Deborah Klens-Bigman ◆ February 9, 2015
The teacher stood at the front of the room, a cavernously large dojo, wherein my colleague, my student and I occupied a small part. The rest of the room echoed around us. He held a wooden sword in his hand. “Mo ichi do,” (“One more time”) he intoned, tapping the butt-end of the sword on the hollow wooden floor for emphasis.
We began again, working through all ten kata of the standing set of the Shinto Hatakage Ryu Iai Heiho, an old and rather obscure style. We repeated and repeated, for the better part of three hours. Mostly, the teacher said nothing. Occasionally, he would make a correction. Each repetition of the entire set took about 15 minutes, so we worked through the set around 8-10 times (I wasn’t counting). By the end of the practice, we were sweaty and tired – and exhilarated.
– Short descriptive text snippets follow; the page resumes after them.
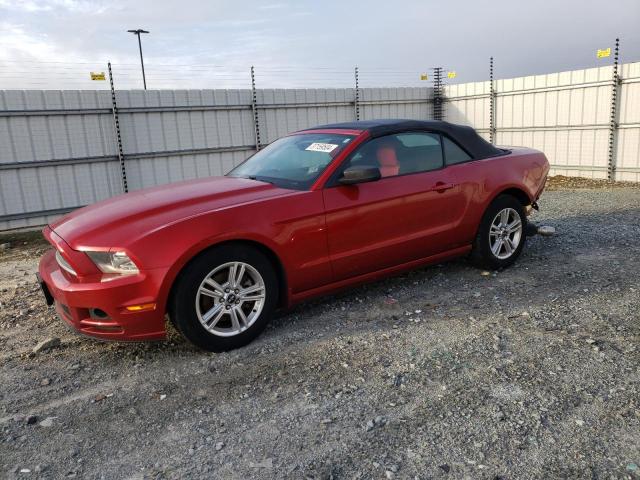 Image 1 of 2013 FORD MUSTANG  2013 with VIN 1ZVBP8EM4D5215711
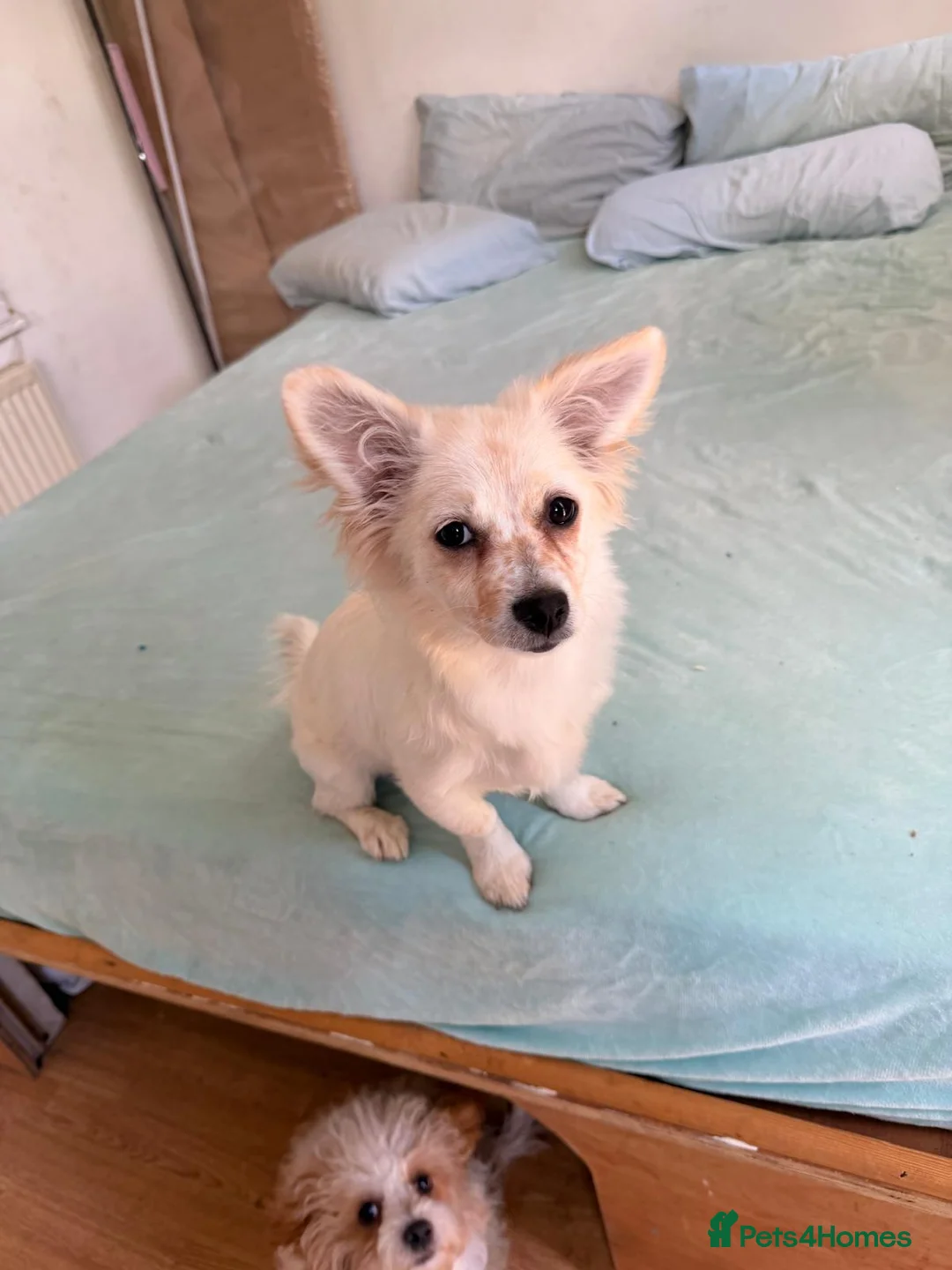 Mixed Breed dogs for sale: Beautiful maltese mix girl - Advert 1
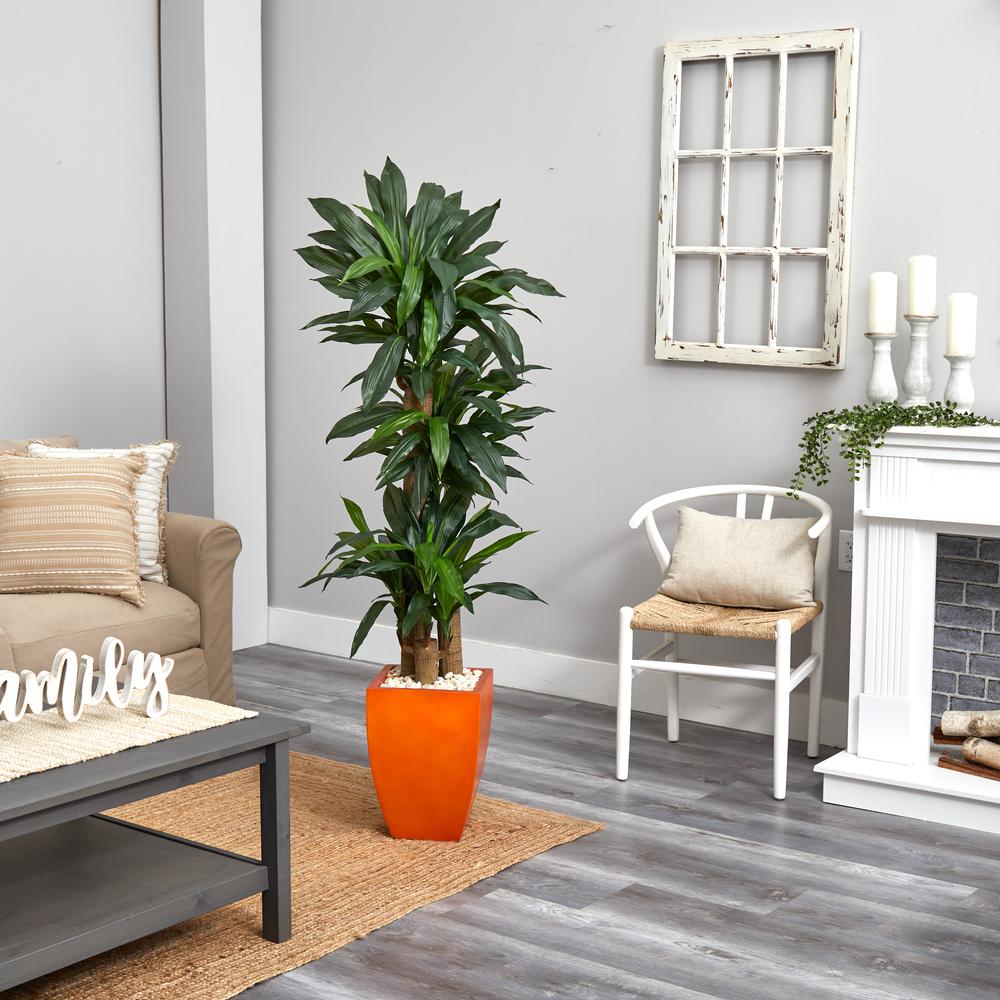 5.5ft. Dracaena Plant in Orange Square Planter (Real Touch). Picture 2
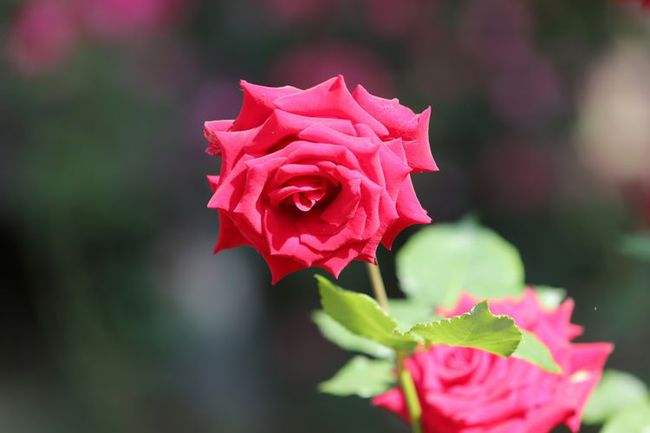 运势桃花5月(5月桃花运最好的星座)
When most Americans think of martial arts practice, they imagine lines of students in crisp, white uniforms, moving in unison and shouting “Yes, sir!” in loud voices whenever the teacher makes a request or gives an order. Koryu budo (old style martial arts) sword practice is quite different. Sometimes the group repeats traditional kata together, as we did in Japan several weeks ago; or, just as likely, the students spread out, each one working on individual kata, while the teacher circulates around the room, making corrections. Sometimes, when she decides the student is ready, the instructor assigns a new kata for a student to work on.
There are advantages to both types of practice. What they have in common, of course, is repetition. Repeating movements over and over sets up kinetic patterns, helping students remember the kata better. As good as group repetition is, however, for my part, individual practice at one’s own pace is the best way to learn kata. Repeating kata over and over again individually allows the student to develop concentration, so he can ignore whatever anyone else in the room is doing. Most importantly, perhaps, individual, repetitive practice encourages the student to solve problems and resolve questions about the movement and its meaning on his own terms. And, if he has any questions he can’t answer, the teacher is there to guide him.
Since we have moved into the new Resobox Studio, we have had enough room to spread out and work individually on different kata. As an instructor, I can see what sort of progress each individual student is making. As a student, I find it is the best way to both learn and remember sword kata. Even the very newest student, who has only been taking the sword class for a few months, is able to work on the first kata, starting to learn it on his own.
The other night, after about 10 minutes of practicing kata individually, everyone was exhausted. (People work a lot harder on individual sword kata on their own than they do as a group). At the end of the class, the students presented what they had learned, and everyone got some further corrections. And, I think, everyone felt a sense of accomplishment.